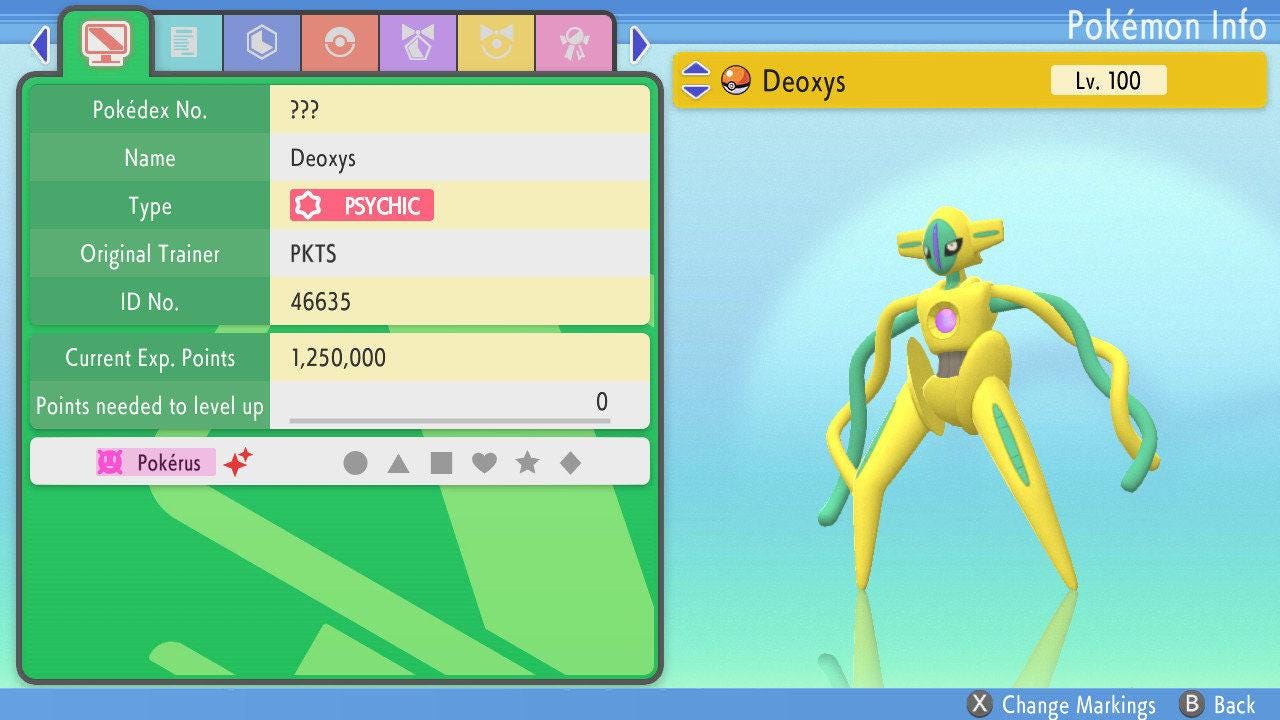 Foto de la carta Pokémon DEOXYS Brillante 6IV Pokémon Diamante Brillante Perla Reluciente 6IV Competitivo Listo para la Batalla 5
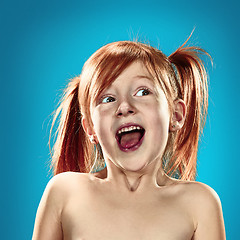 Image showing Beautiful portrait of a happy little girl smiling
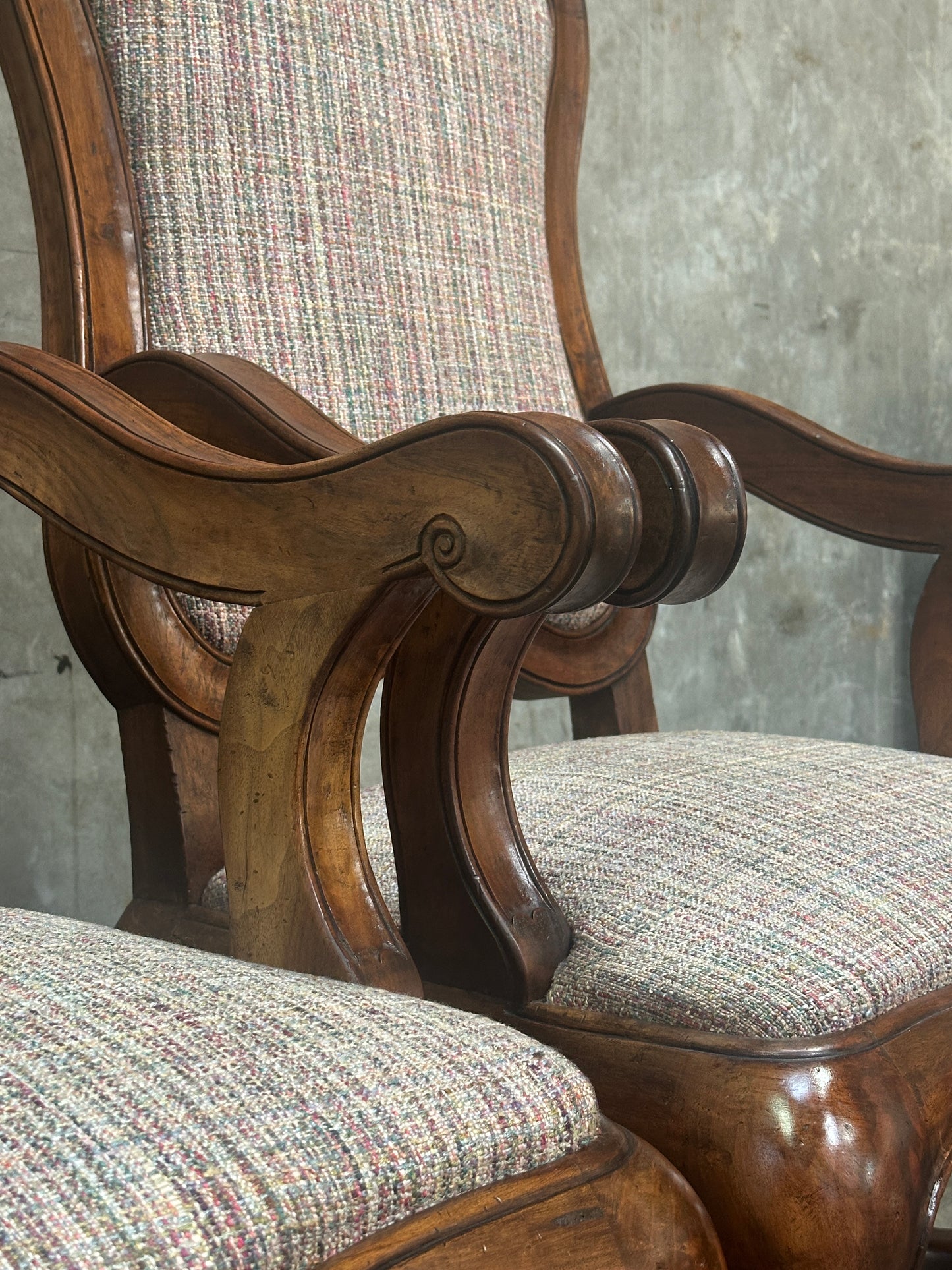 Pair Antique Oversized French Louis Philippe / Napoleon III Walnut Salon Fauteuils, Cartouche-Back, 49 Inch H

**What is expected**
Give the data again exactly. Keep the images out.

**Reply to the task**
 Foto de la carta Pokémon DEOXYS Brillante 6IV Pokémon Diamante Brillante Perla Reluciente 6IV Competitivo Listo para la Batalla 5
 Image showing Beautiful portrait of a happy little girl smiling
 Pair Antique Oversized French Louis Philippe / Napoleon III Walnut Salon Fauteuils, Cartouche-Back, 49 Inch H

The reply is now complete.